Engineering Division recorded a lower revenue of S$49.6 million in FY2023. The Division recorded a higher gross profit and gross margins in FY2023. The Indonesian operation continues to be the main profit contributor and recorded profit improvement against FY2022. The Division’s losses of S$3.3 million in FY2023 were mainly attributed to the Philippines operations due to write off of contract assets resulting from cancellation of orders. The Singapore operations had however recorded lower losses due to improvement of gross margins.

The Group generated a higher net cash from its operating activities in FY2023 due to improvement in changes in working capital in 2H2023. As at 31 December 2023, the Group remains in a net cash position of S$16.7 million as compared to 31 December 2022 of $15.8 million.


The 2024 economic forecast for Singapore is optimistic, projecting a GDP growth range of 1.0% to 3.0%. This positive outlook is fueled by a gradual recovery that extends to Southeast Asian economies. Despite ongoing global economic uncertainties and inflationary pressures, the Group's primary focus remains on achieving revenue growth in FY2024 and progressively returning to profitability. We will continue to manage our cash flow prudently and maintain a resilient balance sheet to ensure operational stability.

The Group’s commitment to the strategic roadmap remains steadfast, with active engagement in streamlining core businesses and improving operational performance. This approach enables us to adeptly navigate economic challenges, capitalise on emerging opportunities, and fortify our presence in key markets.

In the PCS Division, significant achievements include expanding into higher-margin fulfillment and 4PL managed services, marked by a substantial partnership with HONOR, and securing a significant S$500 million 4PL contract from U Mobile in Malaysia for an initial term of 2 years which may be extended for one year in accordance with the contract.

The ICT Division is proactively capitalising on the industry shift towards a hybrid cloud approach, especially in the education and health care sectors to address customers’ pain points and create valueadded service solutions. Additionally, the Division remains committed to enhancing efficiency by rationalising its operations and optimising costs.

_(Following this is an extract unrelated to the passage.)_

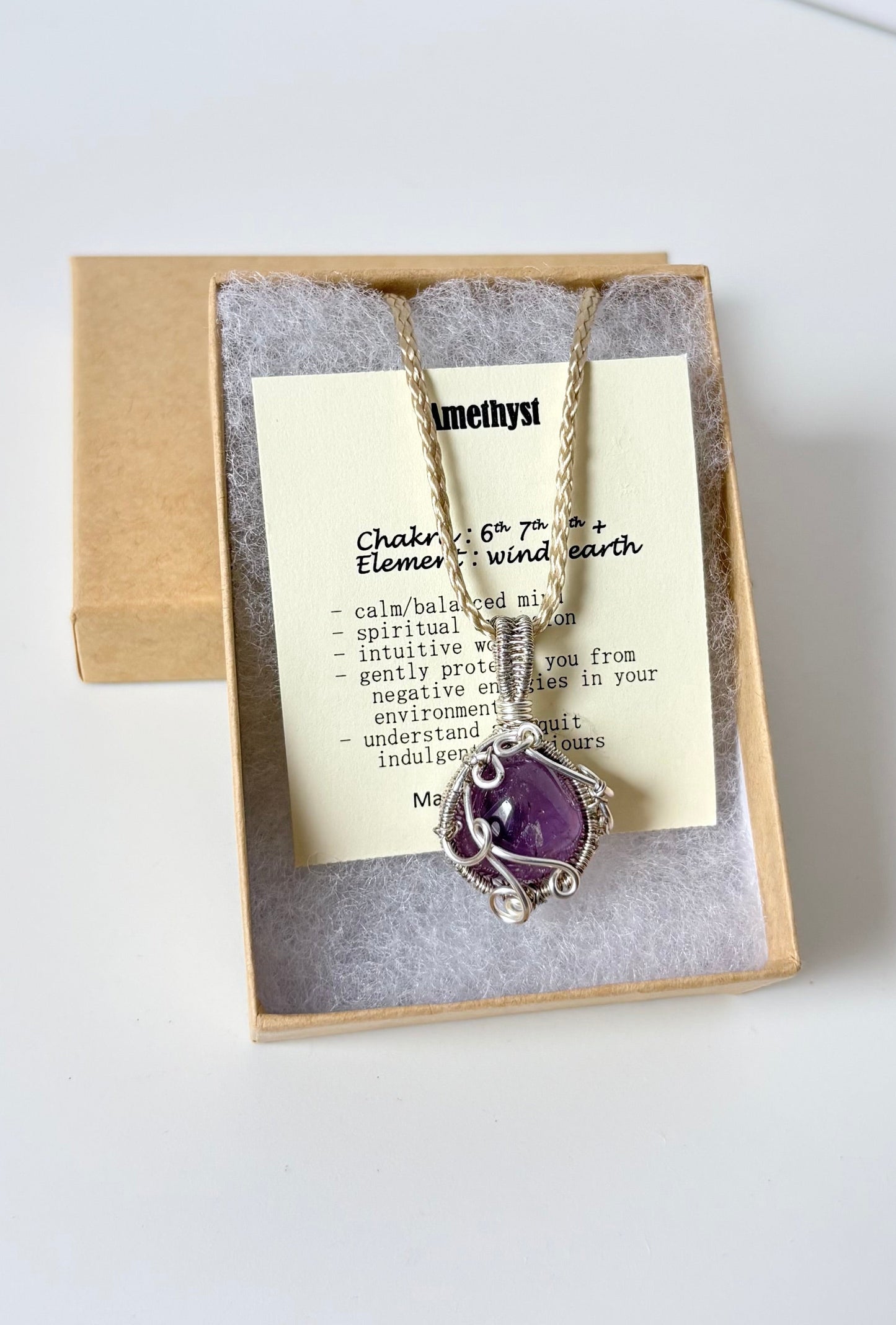 Necklace with an amethyst pendant on an information card with text explaining the folklore and metaphysical properties placed a brown paper kraft jewelry box for gift giving on a white surface.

For the Engineering Division, increased in activities in its key market, Indonesia, are expected. The Division aims to expand its products and services, with a specific focus on Fiber-To-The-Home (FTTH) within the telco market. Additionally, the Division is targeted to deliver power solution equipment for data centre projects, aligning with anticipated growth in this sector that extends beyond the telco market.